Fork me on GitHub
#xtdb
<
2020-10-02
>
nivekuil21:10:56

which is the better way of modeling many-to-many edges with data on the edges? I think I see a familiar tradeoff here

;; (1)   {:crux.db/id           1    :user/friends         #{2 3}    :user/friend-metadata {2 {:close? true}                           3 {:close? false}}}   ;; (2)   {:crux.db/id {:friendship #{1 2}}    :friends    #{1 2}    :close?     true}   {:crux.db/id {:friendship #{1 3}}    :friends    #{1 3}    :close?     false}

refset22:10:02

I suspect Option 2 is what you want to pursue although the performance will be somewhat worse due to the extra indirection. The problem with Option 1 is that your map value contents under friend-metadata won't get indexed and will therefore be invisible to the Datalog (which I'm guessing will be problematic for how you hope to use Datalog - though I may be wrong!).

nivekuil22:10:06

I think you can ask the same kinds of questions with (1), but you'd have to reach into the map in application logic rather than relying on the query engine

nivekuil22:10:33

well, actually, no it wouldn't be as powerful since you can't reach into the map in a nested fashion efficiently

nivekuil22:10:17

so if you wanted to ask "give me all close friends of 1" efficiently you'd have to build your own index from that map somehow, which would indeed suck.. but you could answer "is 2 a close friend?" pretty well

refset22:10:37

There is some discussion about modelling "friend" relationships over on Zulip that might be of interest, in case you hadn't seen it: https://juxt-oss.zulipchat.com/#narrow/stream/194466-crux/topic/Recursive.20query.20performance.20on.20bi-directional.20relations/near/209986334 Valery (in that thread) and I also exchanged quite a few DMs on the topic. Feel free to revive the thread over there if you're curious and maybe we can have some fresh debate and exchange findings 🙂

nivekuil22:10:01

reading through it -- one of these days I'll set up a matrix<->zulip bridge; being able to revive threads is indeed nice

😁 3
dominicm21:10:04

Just poking around crux-jdbc, seems like querying the tx-log doesn't use any kind of limits. Does that mean that on a big catchup on some db drivers (which don't support paging) will cause an OOM? I see the KVIterator uses batches of 100.

refset21:10:51

Hmm, seems plausible.

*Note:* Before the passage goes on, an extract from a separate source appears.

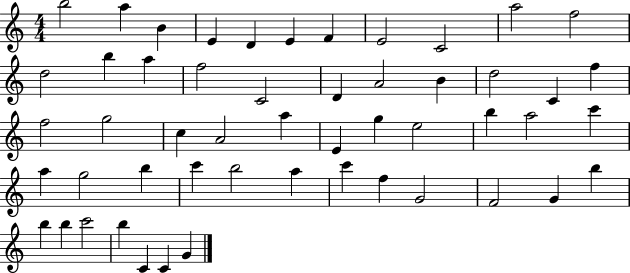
B5/h A5/q B4/q E4/q D4/q E4/q F4/q E4/h C4/h A5/h F5/h D5/h B5/q A5/q F5/h C4/h D4/q A4/h B4/q D5/h C4/q F5/q F5/h G5/h C5/q A4/h A5/q E4/q G5/q E5/h B5/q A5/h C6/q A5/q G5/h B5/q C6/q B5/h A5/q C6/q F5/q G4/h F4/h G4/q B5/q B5/q B5/q C6/h B5/q C4/q C4/q G4/q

I'll note it on the board to investigate further. Thanks for mentioning it!

nivekuil22:10:37

so I actually suspect that it may be an anti-pattern to model undirected edges at all, since you can query just as efficiently in either direction. The friendship example being undirected edges is just the canonical model I reach for since that's how fb modeled it, but I think it makes more sense with directed edges (especially the property of closeness), and I can't think of any examples that can't be modeled with only directed edges. Plus neo4j only has directed edges, so it probably makes sense to think of Crux in the same manner?

💡 3
Steven Deobald23:10:34

I've generally come to the same conclusion. Every time I think I've thought of a meaningful undirected edge, I realize I just haven't given the relationship enough time in my head.

3
refset23:10:34

I'm inclined to agree also, directed edges seem to be far more universal. If you really need it, you can model the notion of undirectedness as a Datalog rule. Also, friendship isn't an edge, it's a feeling 😉

❤️ 3